I was excited to hear Tuesday that President-elect Barack Obama has chosen Arne Duncan as his Secretary of Education. Obama’s position on education was one of the key areas where Obama differentiated himself from his opponents during the election and I believe this is a great step forward in his fulfillment of his commitments to bring change to our country. Effective leadership has been sorely missing from the Secretary of Education position and I believe Arne Duncan brings a strength of leadership to that office. Much has been written suggesting that this cabinet appointment represents a test of how forward thinking Obama is about how to improve education. NY Time columnist, David Brooks recently wrote, “Is Barack Obama really a force for change, or is he just a traditional Democrat with a patina of postpartisan rhetoric?” A ‘patina of postpartisan’ rhetoric Arne Duncan is not. Obama seems to have scored another “slam dunk” here given the accomplishments of Arne Duncan in such a short time. In some ways, Duncan’s metoric rise is similar to Obama’s. In his announcement, Obama said of Duncan “In just seven years [as Superintendent of Chicago], [Duncan has] boosted elementary test scores here in Chicago from 38 percent of students meeting the standards to 67 percent. The dropout rate has gone down every year he’s been in charge.” In Arne Duncan Obama gets an individual who is very bright, believes that all students can learn, has strong leadership skills, and is a problem solver who thinks out of the educational box. Arne Duncan is considered a reformer going beyond curriculum (what is taught) and instruction (how it is taught) to changing the way schools are structured and, in fact, how they function. He has a record of accomplishing sustainable change (reform) with great skill and political prowess.

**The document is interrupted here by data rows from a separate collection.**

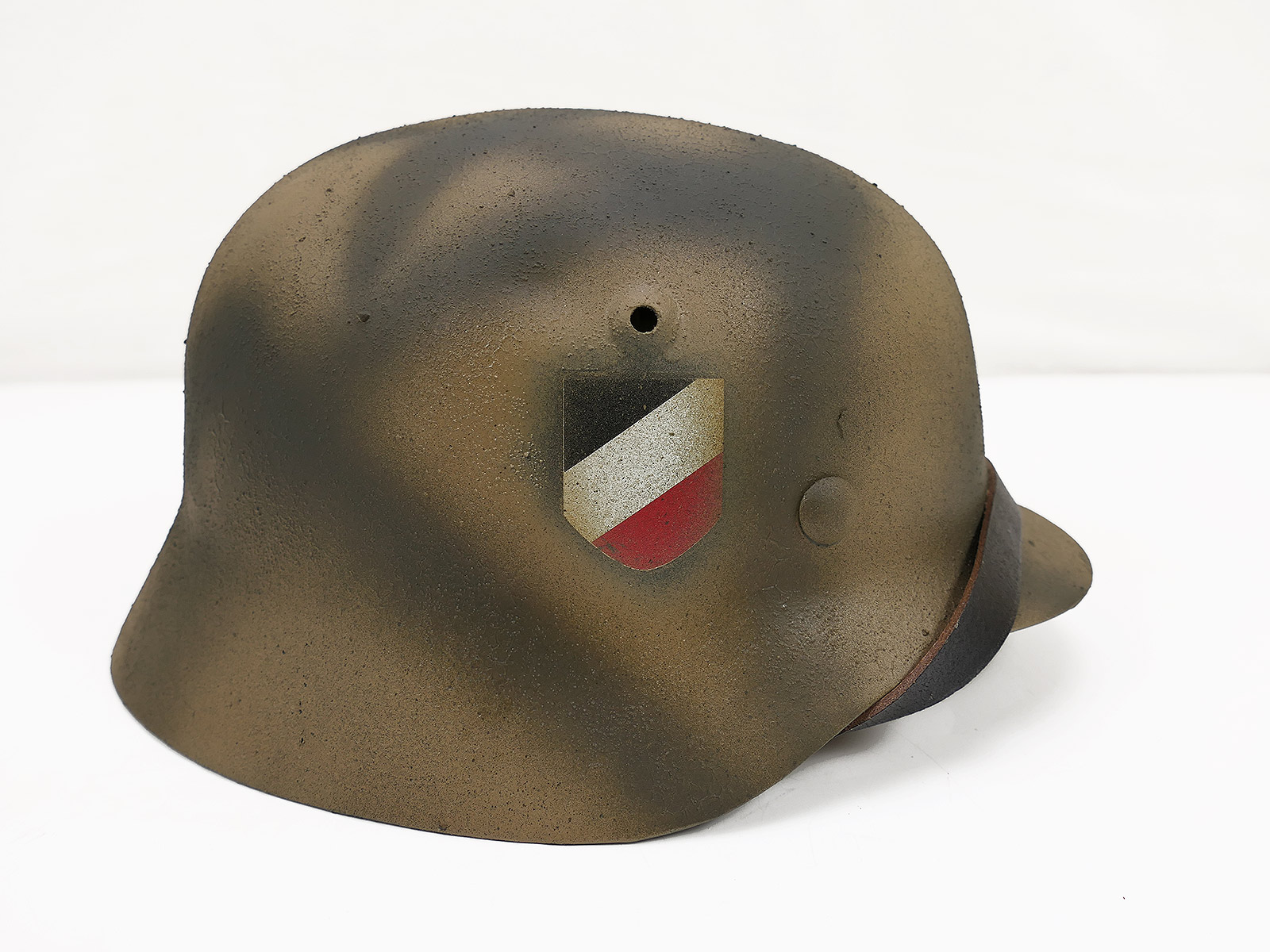 #G/ Wehrmacht Normandy camouflage DD steel helmet M35 M40 camouflage helmet size 57/58 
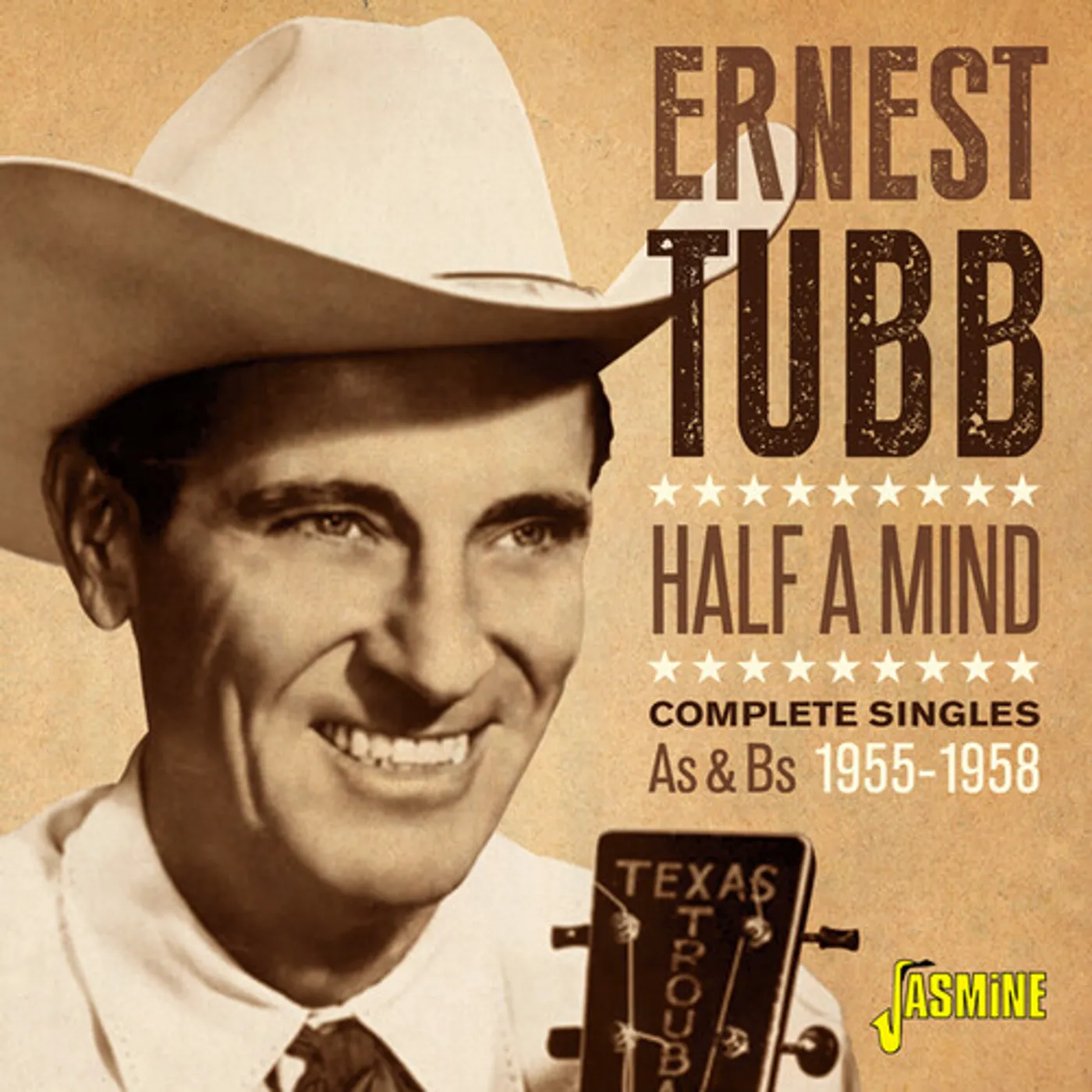 Ernest Tubb HALF A MIND: COMPLETE SINGLES AS & BS 1955-1958 CD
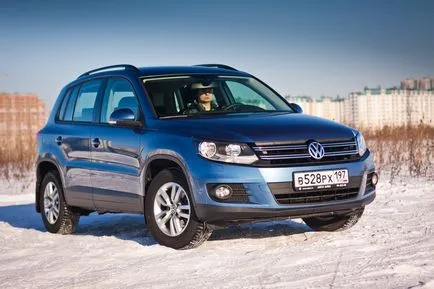 Интересни факти за Tiguan на Volkswagen (Volkswagen Tiguan)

Duncan supports teacher and student performance-based pay initiatives. He has closed poor performing schools as a way of forcing principals and teachers to reapply for their jobs. He has started 53 charter schools. Duncan strongly supports an increased role and contribution from parents. Although some of these initiatives have angered the teacher unions, he has successfully navigated their objections.
In terms of getting things done in Washington, it certainly helps that he is a good friend of Obama’s. Both men are Harvard graduates, love basketball, have a strong bias for action, and are committed to fixing American schools by implementing what works and not what is politically expedient. We at Education.com enthusiastically support president-elect Obama’s choice of Arne Duncan as the next Secretary of Education and look forward to seeing our children benefit from the change we are confident he will lead in our nation’s schools.